Sensing classification systems and the urge for optimizing everything can be problematic and are mostly inherited from non-user focused data scientists and software development teams. If the city’s walls are always listening and classifying our conversations, how often do they get it right? How can the AI-powered walls and people differentiate between a genuine conversation and one that is not? Do public interactions become performative?
Insectile Indices considers how electronically augmented insects could be trainable to act as sophisticated sensors, working in groups, as part of a neighborhood policing initiative.
In 2007, the Defence Advanced Research Projects Agency (DARPA) asked America’s scientists to submit proposals to develop technology to create insect-cyborgs. Building off this frightening initiative, this project inverts the sinister military connotations of this proposed future and imagines instead an aesthetically pleasing utopia where sensored insects work towards the public good of humanity. Insectile Indices also plays with the idea of aesthetics in our techno-futures: if these sensored insects are approachable and pleasing to the eye, are we more apt to silently turn the cheek to more pervasive surveillance?
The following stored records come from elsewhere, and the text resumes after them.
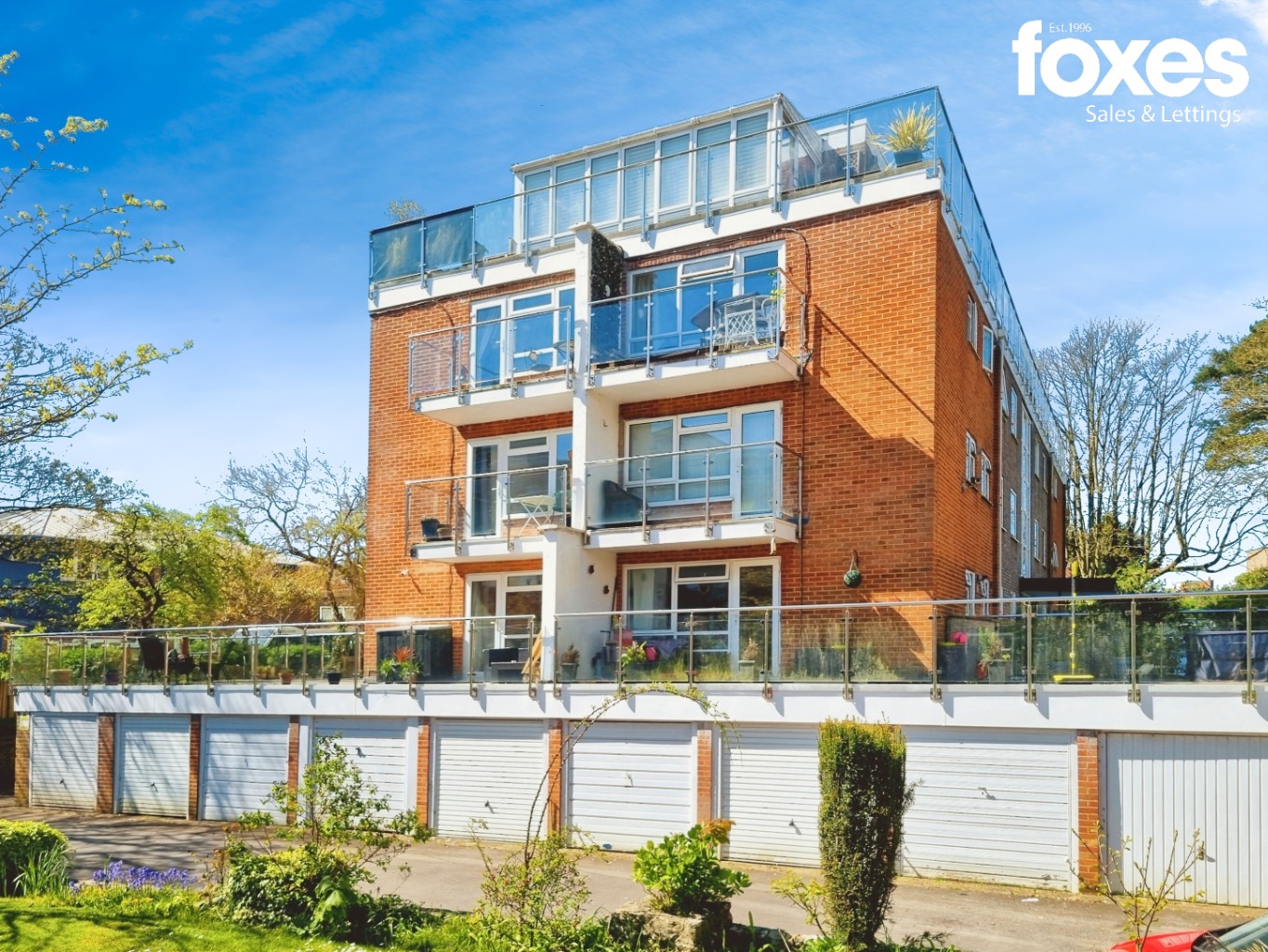 2 bed semi-detached house for sale in Easter Court, Bournemouth  - Property Image 9
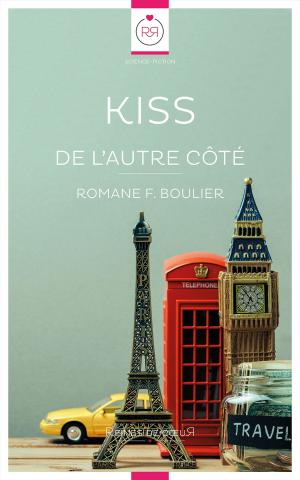 Cover of the book Kiss by Aurélie Spiaggia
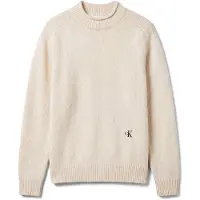Calvin Klein Jeans Pullover creme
The project is partly an investigation into the ethics of this controversial idea, but also an aesthetic exploration of such a deliberate alteration to a wildlife ecosystem.
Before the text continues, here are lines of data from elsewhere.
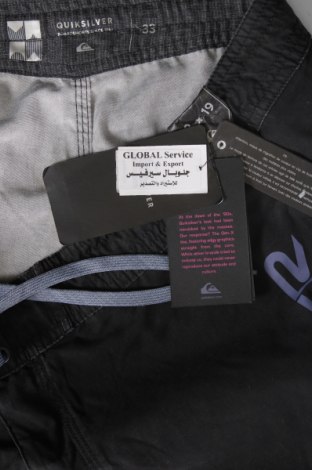 Pánske plavky  Quiksilver, Veľkosť M, Farba Čierna, Cena  35,25 €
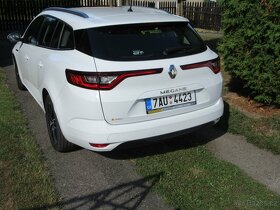 RENAULT MEGANE 1.3TCE 85KW.r.v.2019 nový v čr.DPH po 1.maj. - 18
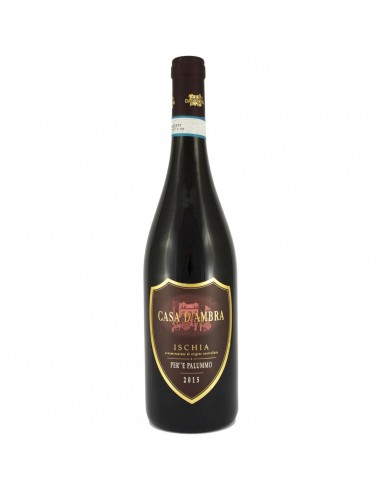 Casa d ambra vino cl75 per e palummo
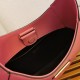 Prada Shoulder Bag in Pink Leather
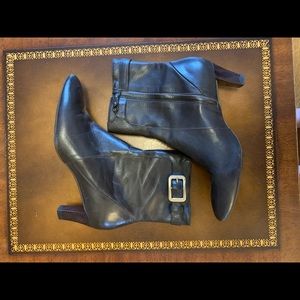 Cole Haan - Brown Boots Nike air cushioning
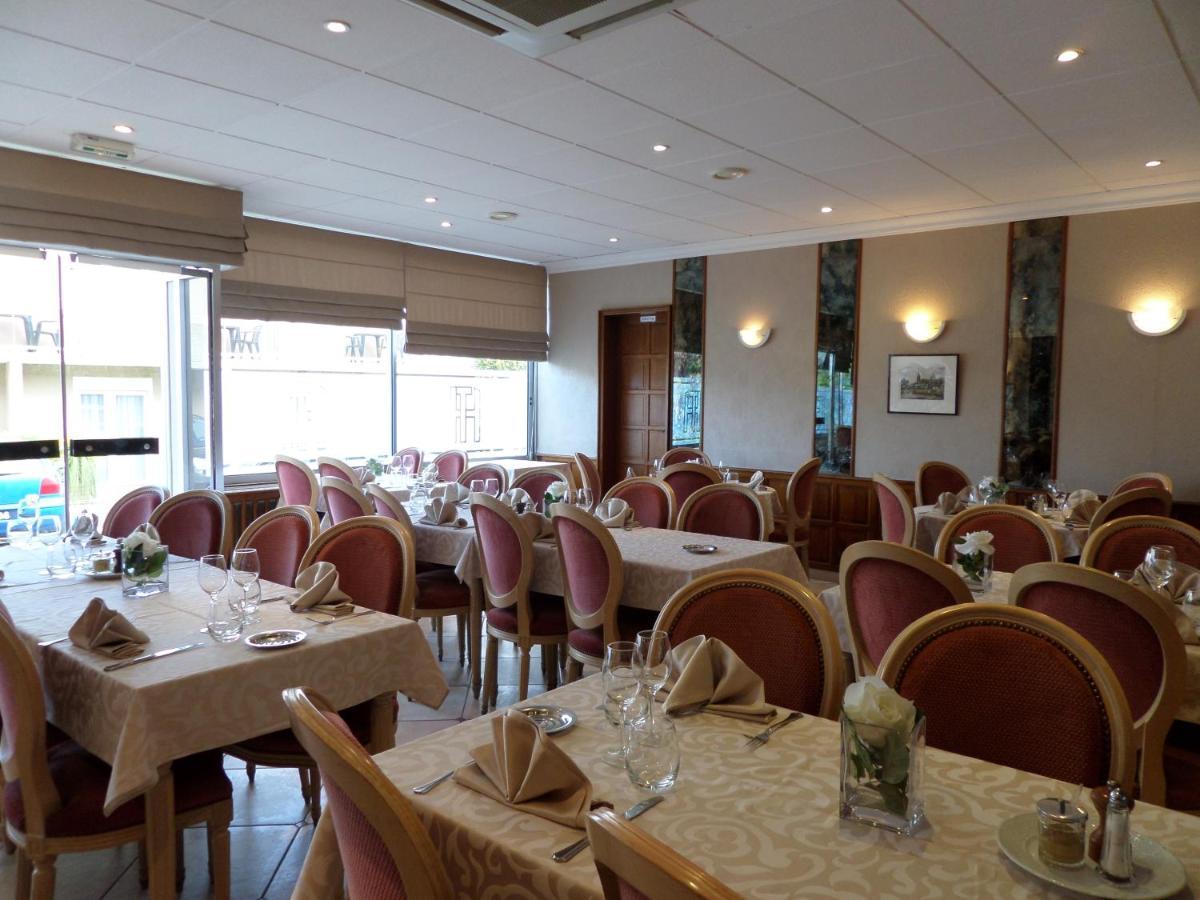 Hotel Des Tilleuls Dinard Exterior foto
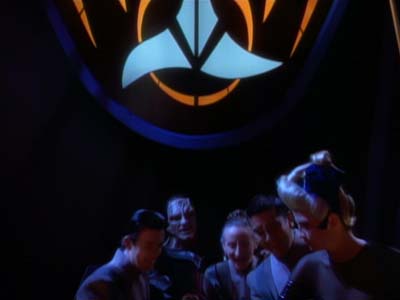 Star Trek: Deep Space Nine Screencaps "Crossover" (S2:E23)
The Hallucinating City imagines a city rebuilt, conjured back into existence by strategically “hallucinating” forms from fragments of excavated media and metadata.
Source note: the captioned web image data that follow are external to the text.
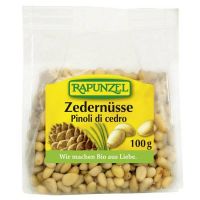Samburi de cedru, eco-bio, 100g - Rapunzel
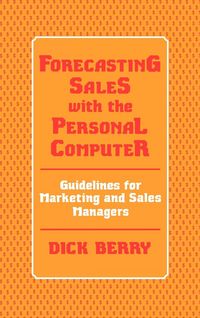 Produktbild: Forecasting Sales with the Personal Computer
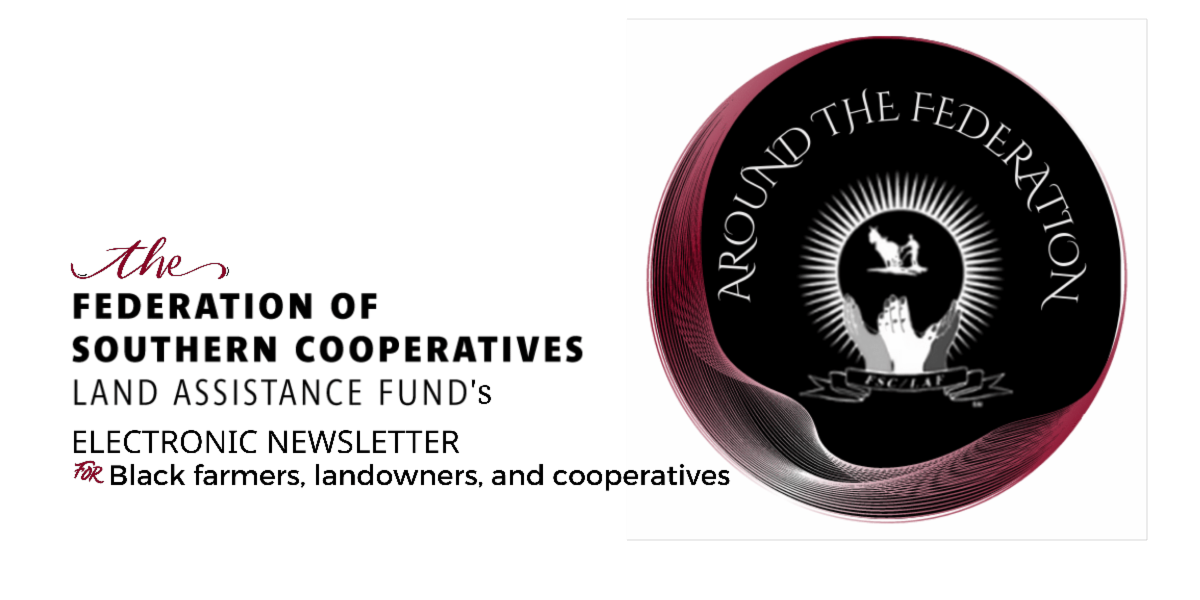 Around the Federation Friday, March 24th, 2023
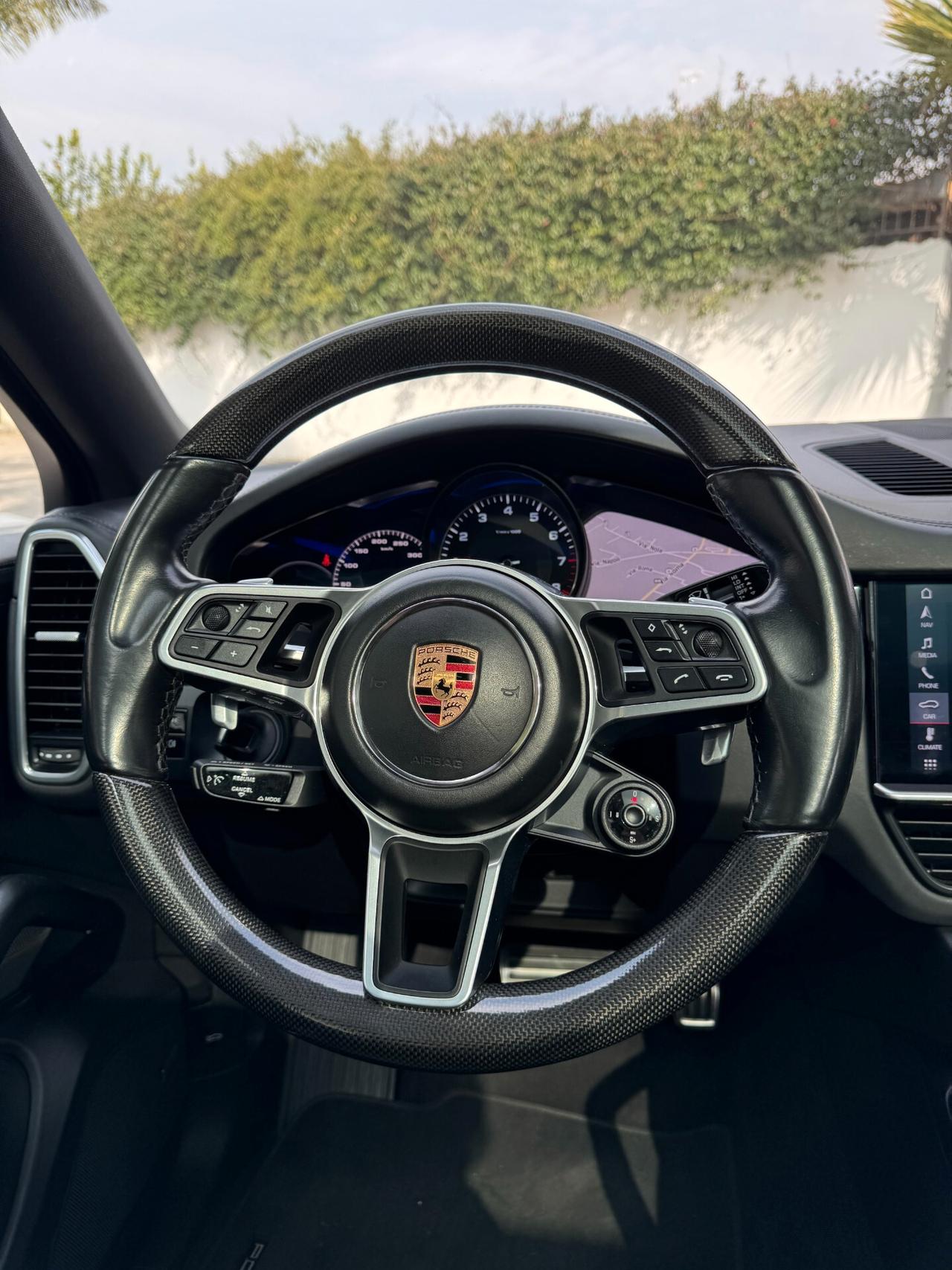 Porsche Cayenne Coupé S 3.0 V6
The project is loosely based off the author’s own story where she was once familiar with a building in the Czech city of Brno, but over time her familiarity with the structure began to fade. The recollected images seem absurd and abstract when isolated, but the series of the author’s collected mental pictures from the fragments of the edifice are used to output a hallucination “completing” the building in its entirety.
Although the machine learning tools investigated in this project are used for a speculative archaeological reconstruction and utilize the aesthetics of hypergan image training, how can we fully complete images of what was lost with different variations of remembrance? The project explores the blurry line between nostalgia and AI hallucination, and the powerful, yet contentious role machine learning can play in materializing something tangible and concrete from a transient and fragmented past.
Optimization for Mundanity imagines civic life where extreme optimization extends into the fabric of the everyday mundane. What absurdities come about in a system where every aspect of life can be optimized, including your moment by moment location on the metro?
The project speculates that an AI-powered public transportation system can get you the absolute optimal location during your commute. The commuter uses on-demand micro-payments to access the app’s crowd prediction algorithm and reserve the best spot in terms of comfort and access to the exit. Going further, the system allows additional “bribes” to upgrade the commuter’s position to an even better location or seat, while bumping another passenger.
Optimization for Mundanity pokes fun at the incessant progress of optimization and solutionism as manifested through mobile applications. It asks if the saving of extremely minor levels of comfort and time are worth the mental, technological, cultural and monetary costs.